___ Extracted records ___

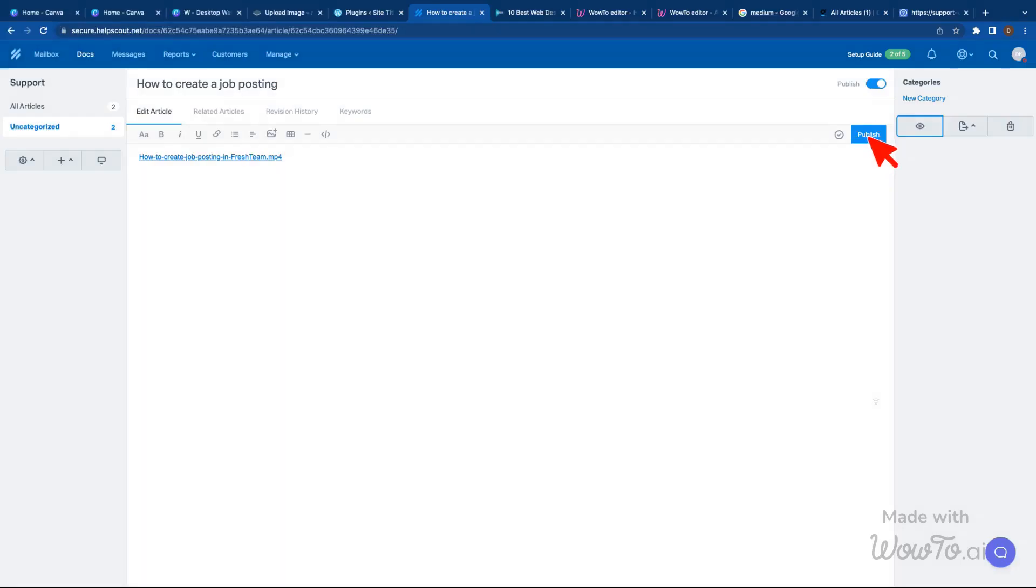You will see your selected video is now uploaded to your page. Click on the Publish button to save changes and deploy content.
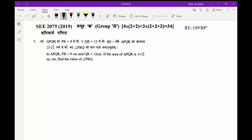ESC 2075 group B, question number 9a. In triangle PQR, PR equals 9 centimeters and QR equals 12 centimeters. If the area of triangle PQR is 27 square root 2 centimeters squared, find the value of angle PRQ.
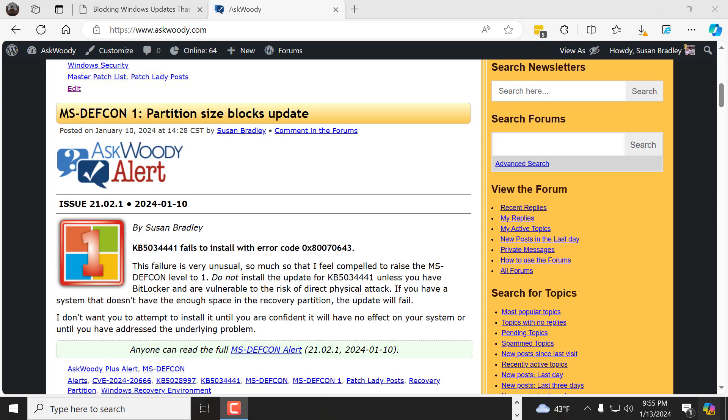And I'll have a follow-up next week with if you do want to take action, and especially if you do want to change your partition sizes, especially for small businesses and even bigger businesses, I'll have some more details in the following week's newsletter. Until next time, this is Susan Bradley for AskWoody.com.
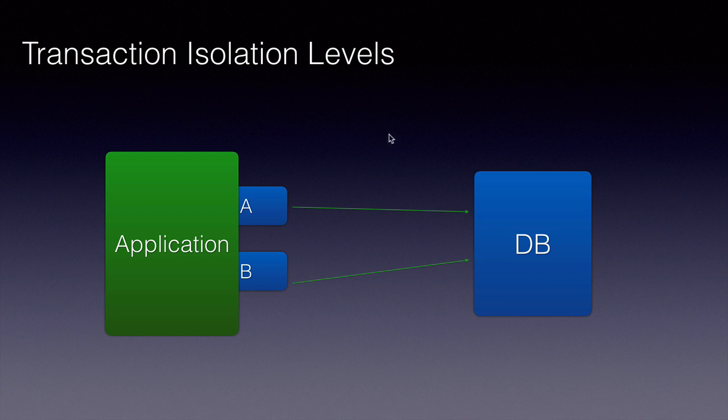To understand the transaction isolation levels, you need to understand three database anomalies or transaction anomalies that exist. Number one, dirty reads.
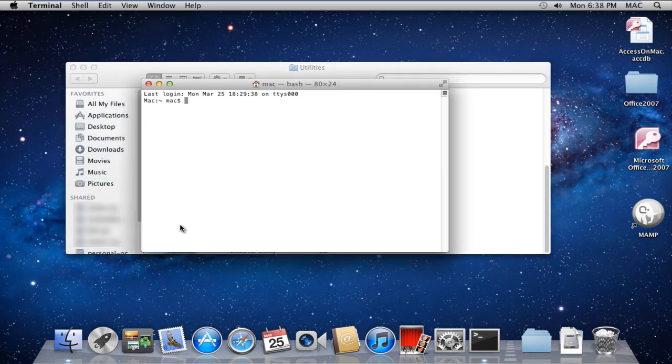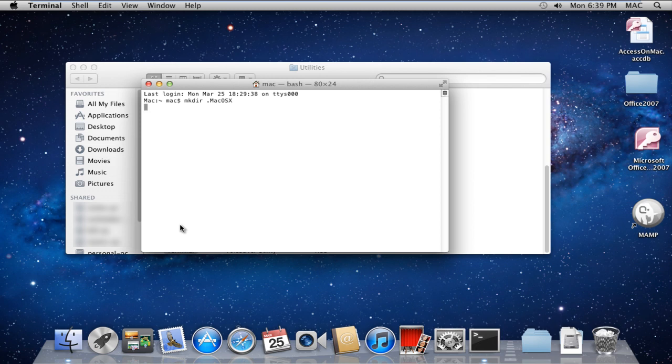With the Terminal window opened up, type the command mkdir .macosx and hit Return. This will create a directory.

___

_What is being asked_
In the copy, include no pictures, but repeat the listing exactly.

_Solution below_
You will see your selected video is now uploaded to your page. Click on the Publish button to save changes and deploy content.
ESC 2075 group B, question number 9a. In triangle PQR, PR equals 9 centimeters and QR equals 12 centimeters. If the area of triangle PQR is 27 square root 2 centimeters squared, find the value of angle PRQ.
And I'll have a follow-up next week with if you do want to take action, and especially if you do want to change your partition sizes, especially for small businesses and even bigger businesses, I'll have some more details in the following week's newsletter. Until next time, this is Susan Bradley for AskWoody.com.
To understand the transaction isolation levels, you need to understand three database anomalies or transaction anomalies that exist. Number one, dirty reads.
With the Terminal window opened up, type the command mkdir .macosx and hit Return. This will create a directory.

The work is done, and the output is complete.